* TRY IT *
Retype the records below exactly as given, but only from the first line through the line with "Amaia Salamanca attends", and without the pictures.

==== EXTRACTED MATERIAL ====

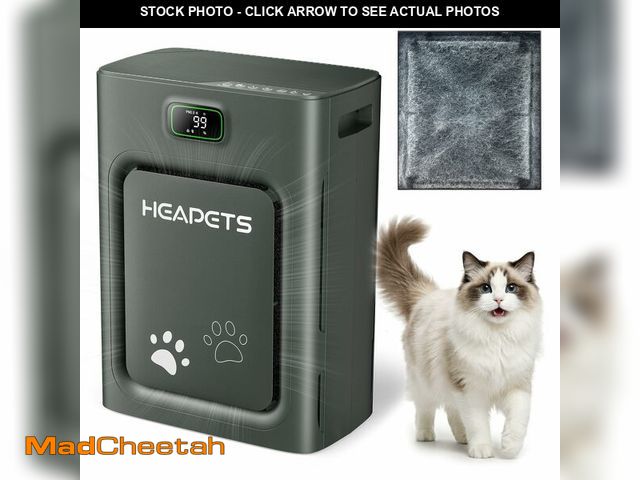 Lot 74-14338256 - Pet Air Purifier for Home Large Room 2500 sq ft,H13 HEPA Washable Double-Sided Filter,Air Cleaner fo...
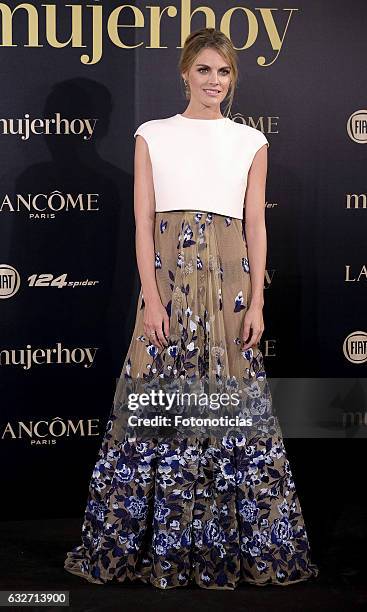 Amaia Salamanca attends the 2016 'Mujer Hoy' awards ceremony at the Casino de Madrid on January 25, 2017 in Madrid, Spain.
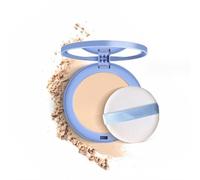 GAGK Poudre mate humide et sèche, poudre pressée mate perfection, poudre pressée pour le visage, contrôle de l'huile, poudre imperméable durable pour le visage (#01 Ivoire Classique)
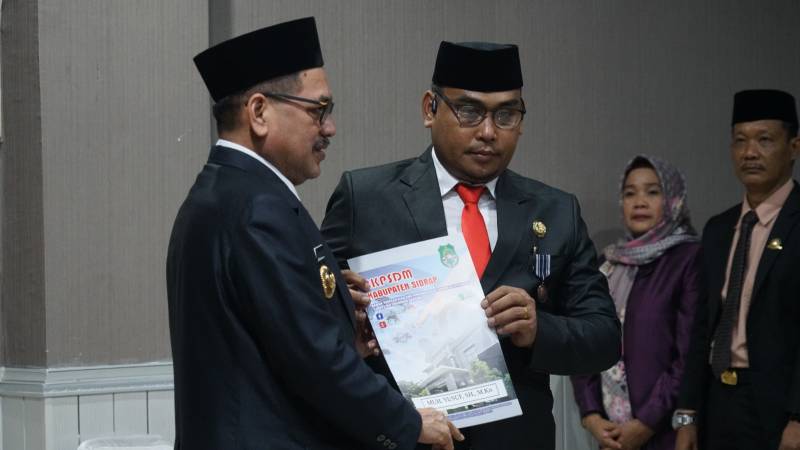 Pj Bupati Sidrap Lantik Muhammad Yusuf Sebagai Pj. Sekda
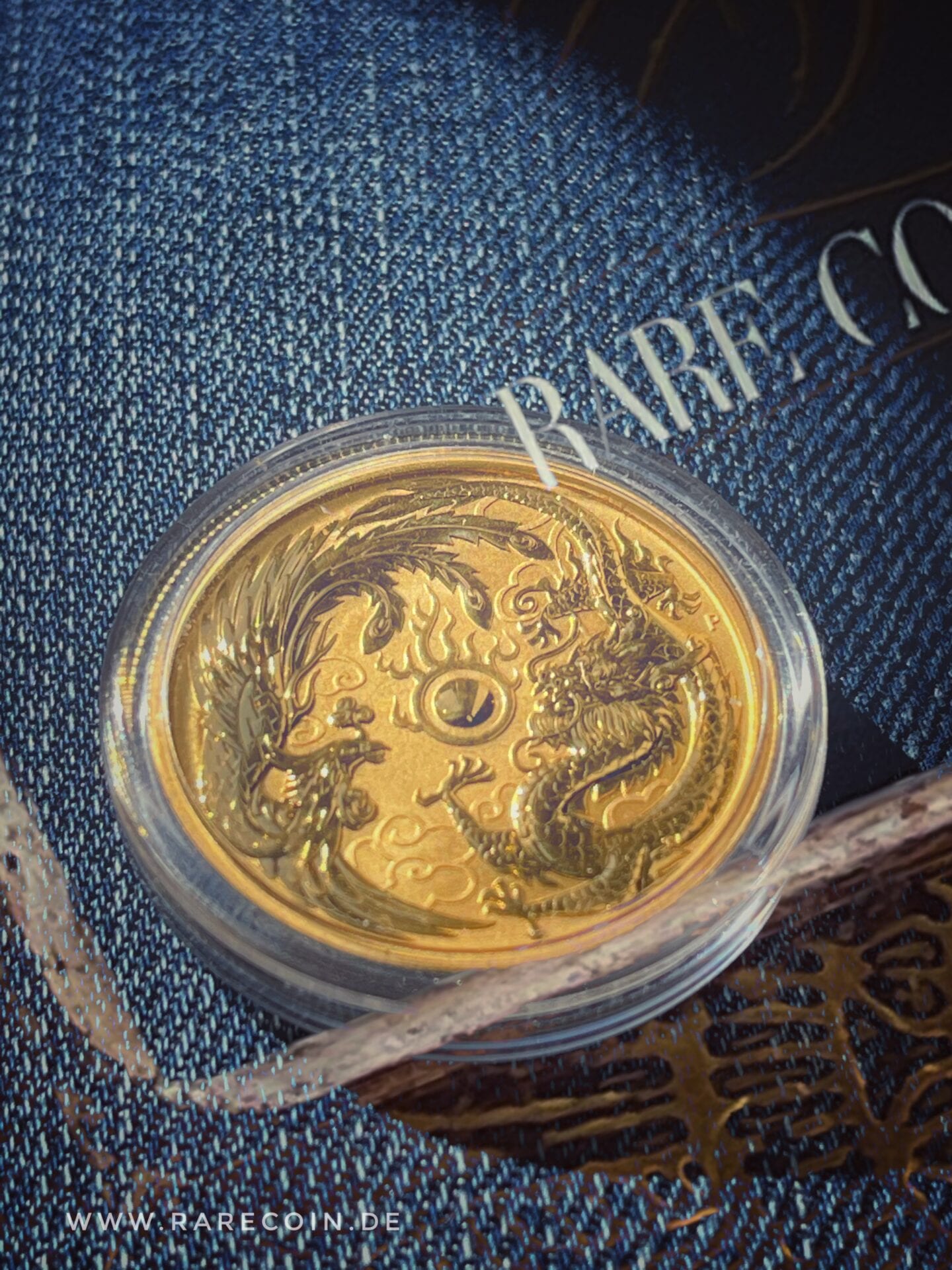 1 Ounce Gold Dragon Phoenix Coin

====

* RESULT OF THE EXERCISE *
 Lot 74-14338256 - Pet Air Purifier for Home Large Room 2500 sq ft,H13 HEPA Washable Double-Sided Filter,Air Cleaner fo...
 Amaia Salamanca attends the 2016 'Mujer Hoy' awards ceremony at the Casino de Madrid on January 25, 2017 in Madrid, Spain.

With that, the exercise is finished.